Customer Success

Churn Risk Shows Up in CS Calls Before It Shows Up in Health Scores

April 26, 2026·8 min read·Alex Handsaker

Most churn detection models are built from product usage data, NPS scores, and support ticket frequency. Those inputs are useful once a customer is already disengaging - they measure consequences of a problem that usually started earlier in the customer relationship. By the time usage drops or a detractor score appears, the root cause has been developing across CS conversations that were recorded but never properly analysed.

The signals that predict churn exist in CS callsbefore they show up in health scores. Escalation language, stakeholder engagement changes, absent expansion mentions, deferred action item follow-through - all surface in transcripts weeks before they register in any dashboard. The question isn't whether the signals are there. It's whether the extraction layer is there to surface them, and whether it's calibrated to mean something specific in your customer context.

Why sentiment scores miss the mechanism

Sentiment analysis applied to CS call transcripts sounds like a direct measure of customer health. In practice, it measures emotional register rather than churn risk.

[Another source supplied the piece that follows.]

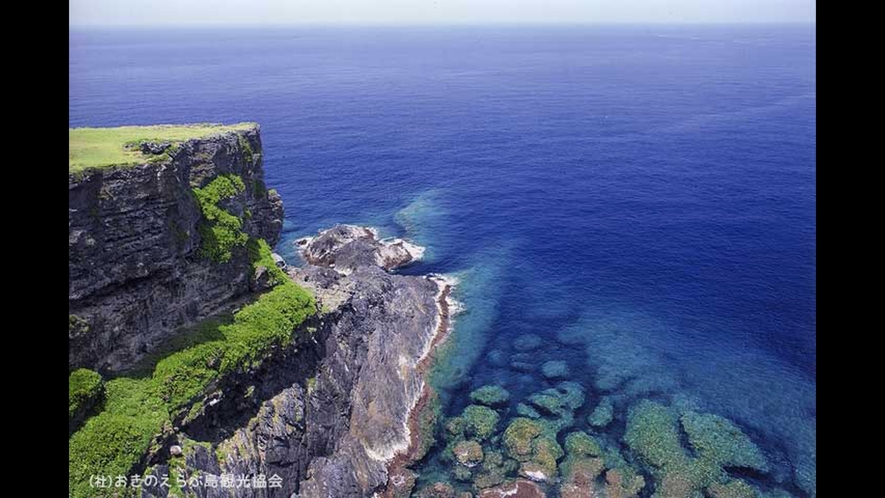 【周辺観光】「田皆岬」　島の北西部にあり、東シナ海に突き出した岬は高さ51ｍの断崖絶壁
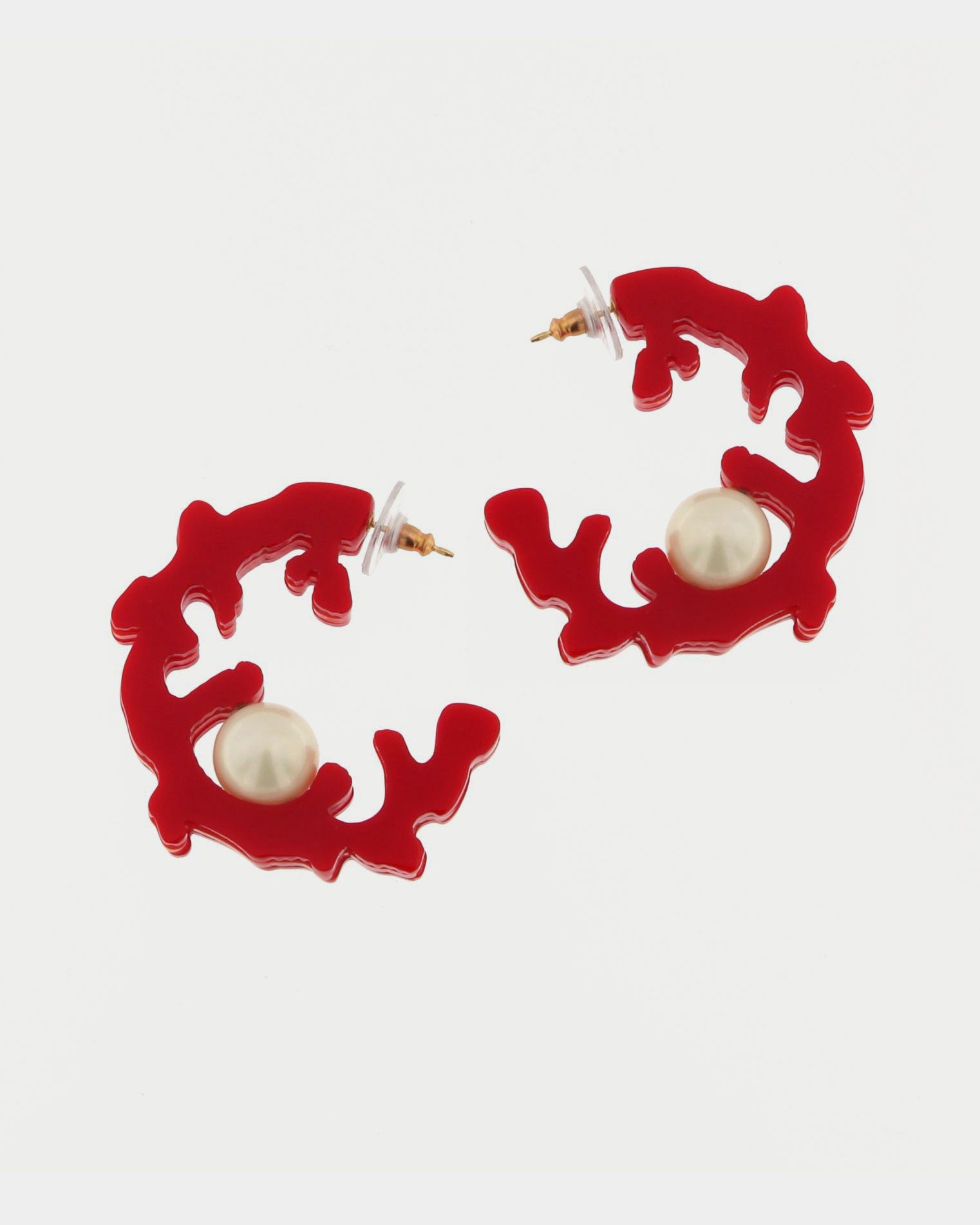 Pendiente Coral rojo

A customer can express everything politely while systematically pulling back: deferring to new stakeholders, skipping follow-ups, asking fewer questions about product roadmap. The sentiment score stays neutral. The churn risk is building.

The signals that actually predict churn are behavioural and structural, not emotional. Escalation language reflects urgency and unresolved issues. Stakeholder engagement changes are often more predictive still - a champion who was highly engaged starts attending calls intermittently, or introduces a new contact without explanation. Action item follow-through is a third: a customer who consistently defers what they committed to is signalling something the transcript captures directly, even when the call tone stays positive. If your health model is built primarily on sentiment, you're measuring how customers sound rather than what they're doing - and those two things diverge most sharply in the weeks before a churn decision is made.

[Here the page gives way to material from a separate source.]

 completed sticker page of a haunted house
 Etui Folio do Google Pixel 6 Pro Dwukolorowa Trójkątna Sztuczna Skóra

Hand-sketched churn risk diagram showing a neutral sentiment gauge missing risk while engagement down, actions deferred, and no expansion signals show the churn mechanism. — Sentiment can stay neutral while the structural churn signals are already moving.

The signals that matter - and what makes them reliable

A practical CS churn risk extraction schema covers five fields, each defined as a Brick in a churn-risk Kit: escalation language detected (yes/no with supporting quote), stakeholder engagement score (1-5, based on who attended and how actively they participated), expansion intent mentioned (yes/no - customers who are growing rarely churn), action item completion referenced (whether prior actions were followed through or deferred), and review attendance signal (was a scheduled QBR or check-in confirmed, attended, or avoided). These fields are deterministic - the same Bricks and Kits mechanism ensures consistent results, and the answers exist in the transcript.

But extracting these fields generically - with no knowledge of what escalation means at your company, what good engagement looks like for your customer tier, or what expansion signals are specific to your product - produces signals calibrated to a model's inference of what churn risk looks like in general. That's a starting point. It isn't a reliable foundation for a health model, because the definitions that matter are yours, not the model's.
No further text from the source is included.